When Nesvold set about implementing changes, there were naysayers.
"I heard from a lot of very prominent local people, former coaches and administrators, and they warned me it would be the end of athletics at Shamokin," Nesvold said. "Nonsense."
Nesvold said he later modified his stance when the board changed hands and wanted to bring the practice back.
"Years later, some board members were elected on the plank that they were going to re-institute it, so I did some soul-searching how to justify it," he explained. "We came up with a plan in junior high where a student could not repeat any course in which he or she got higher than a specific grade. I think it was 70 or 75. But then we had some students who just failed to schedule a specific course, so they could take it the second year. I found that in the redshirt process, nobody was ever truly happy and nobody was really ticked off."

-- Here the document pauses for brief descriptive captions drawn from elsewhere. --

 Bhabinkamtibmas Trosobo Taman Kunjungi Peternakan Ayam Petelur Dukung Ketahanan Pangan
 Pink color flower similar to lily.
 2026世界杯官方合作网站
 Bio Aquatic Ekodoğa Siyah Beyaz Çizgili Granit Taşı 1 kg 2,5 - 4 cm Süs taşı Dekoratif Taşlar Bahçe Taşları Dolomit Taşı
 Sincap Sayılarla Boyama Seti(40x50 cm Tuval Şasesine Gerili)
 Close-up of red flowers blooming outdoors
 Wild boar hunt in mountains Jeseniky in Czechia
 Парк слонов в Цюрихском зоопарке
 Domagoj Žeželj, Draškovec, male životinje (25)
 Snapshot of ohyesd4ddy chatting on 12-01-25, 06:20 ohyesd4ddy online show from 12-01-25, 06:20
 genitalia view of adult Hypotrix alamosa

According to Nesvold, once he and the board implemented strict no-redshirt rules at the secondary level, the emphasis shifted to the elementary level, where then Elementary Principal Ned Sodrick, who later succeeded Nesvold as superintendent, had to deal with it.
"Ned really enforced it at the elementary level," Nesvold said. "It (holding a child back) had to be justified."

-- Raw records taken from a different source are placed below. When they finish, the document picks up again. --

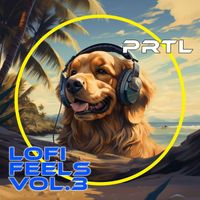 PRTL - Lofi Feels Vol 3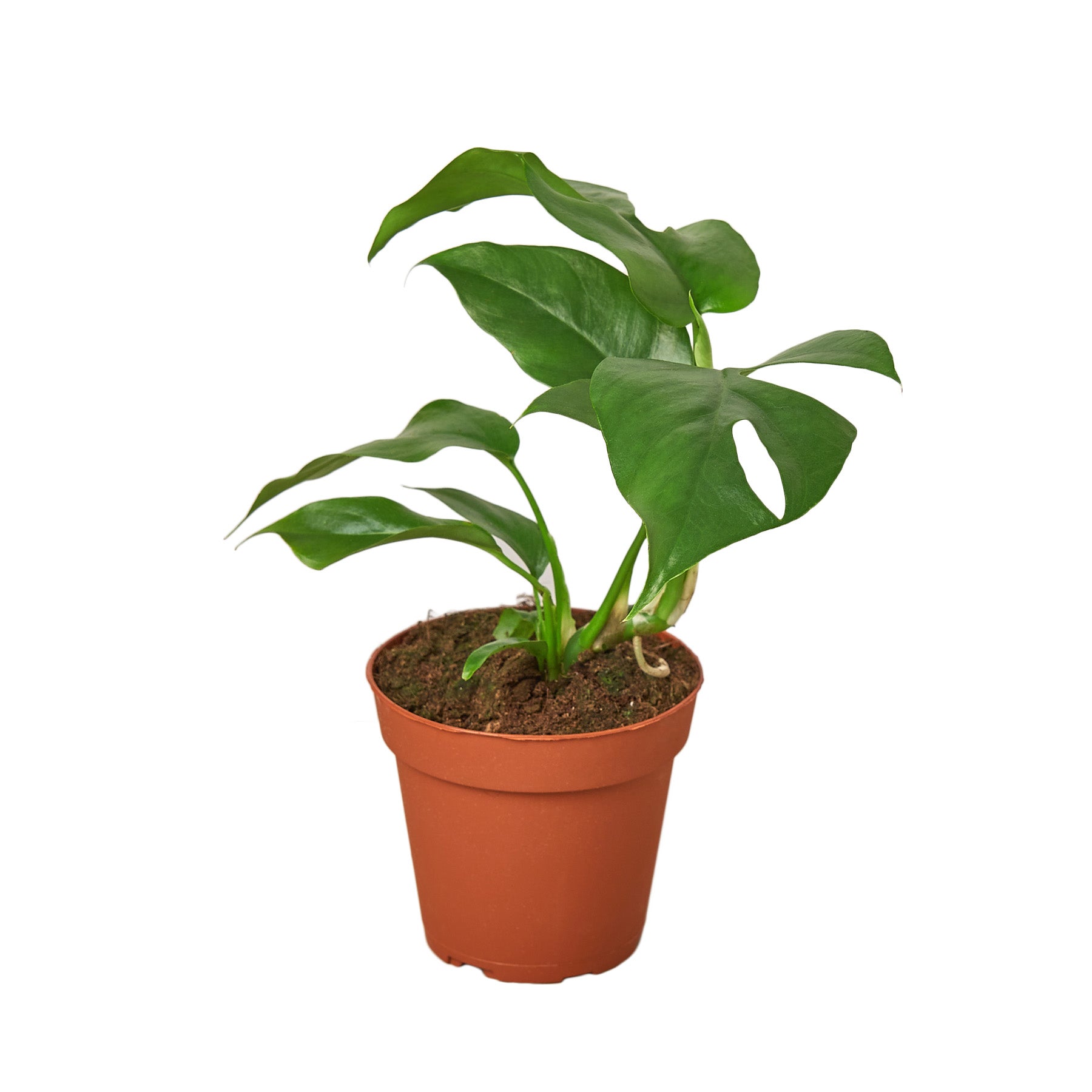 Rhaphidophora tetrasperma - Mini Monstera Questions & Answers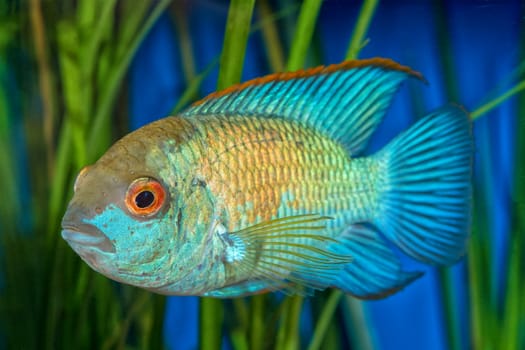 Portrait of cichlid fish (Andinoacara sp.) in aquarium
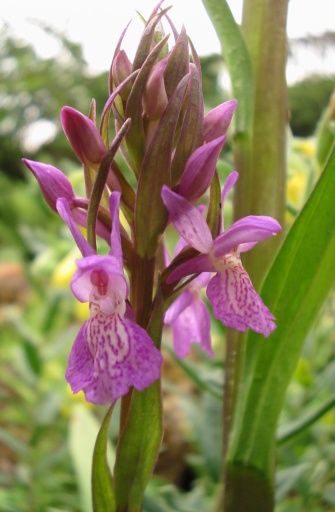 Annexe Dactylorhiza_praetermissa.jpg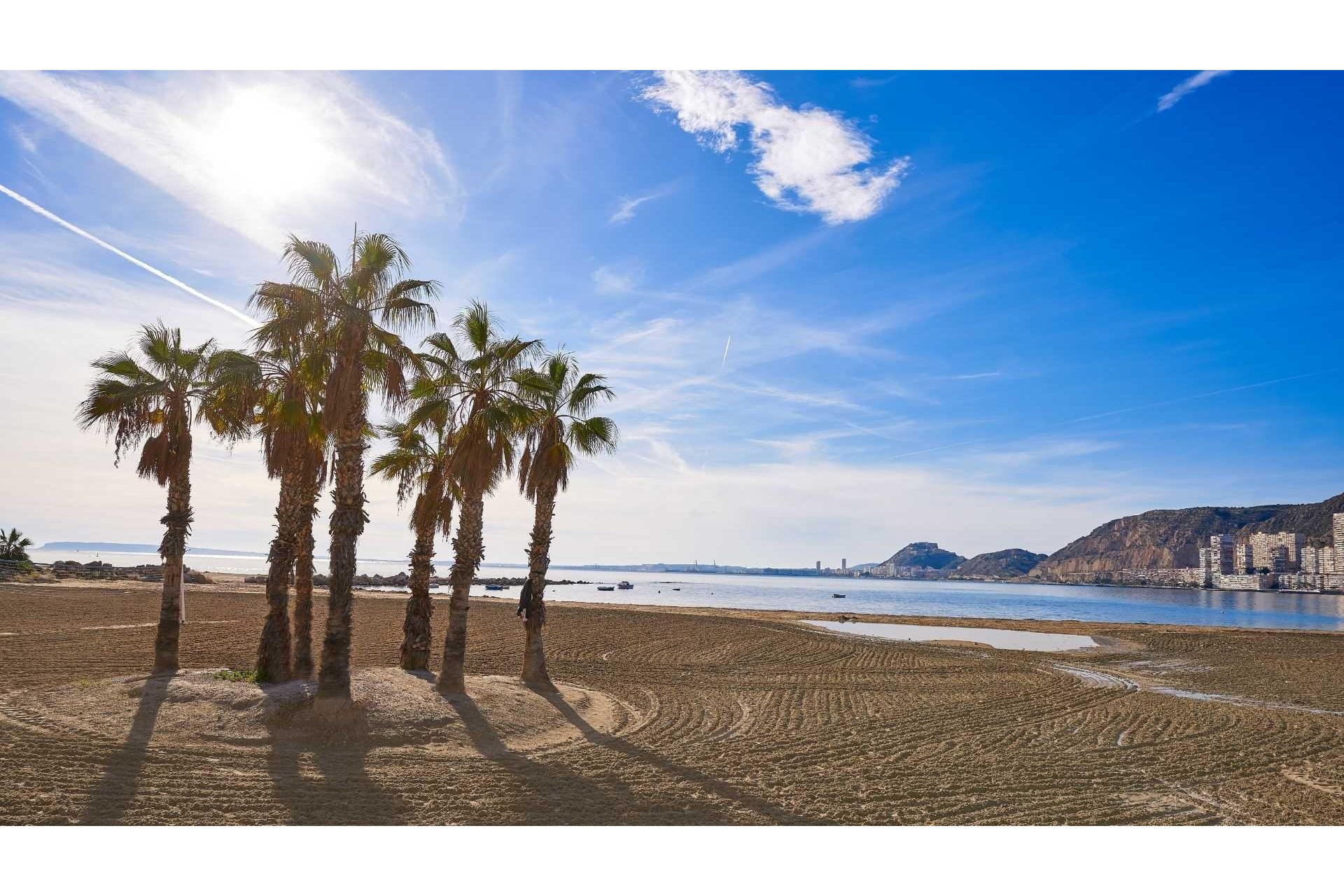 New Build - Villa - Els Poblets - Partida Barranquets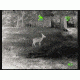 Bering Optics Prodigy 348 1.0x25 Thermal Monocular W/2x-4x Digital Zoom and Wi-Fi , 348x256, Black, BE43125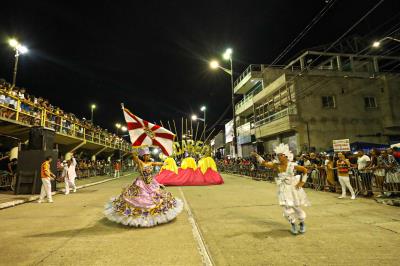 Carnaval 2024 - Associação Carnavalesca Cacareco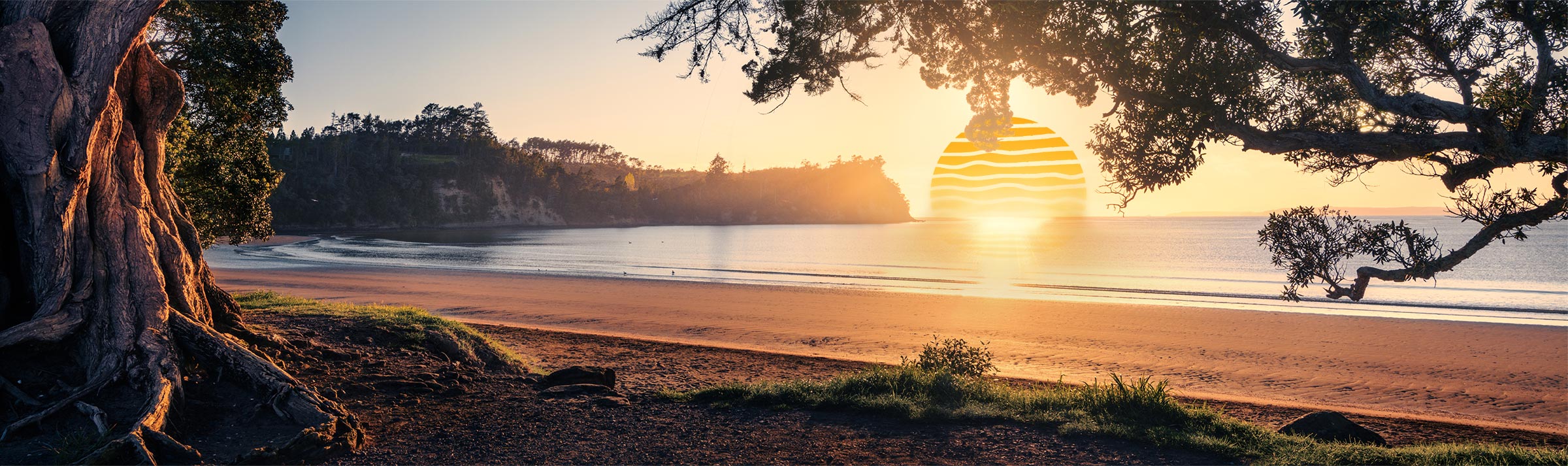 orewa-tree-composite-directors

According to Sodrick, the argument over whether or not to hold kids back seems to be a never-ending one, and one that has more than a few minefields.
"At one time, we might have been holding 12 to 15 kids back a year, most on parental request," Sodrick said. "In some cases, they were right. In some cases, it helped the student academically as well as athletically."
But there were also cases when it didn't pan out as hoped.
"Some kids kind of went south on us," he said. "Eighth grade was at the middle school back then, and some of the kids who stayed back kind of became the cock of the walk the next year. We had one kid who was on the honor roll one year, stayed back and almost flunked the next year, taking the same courses."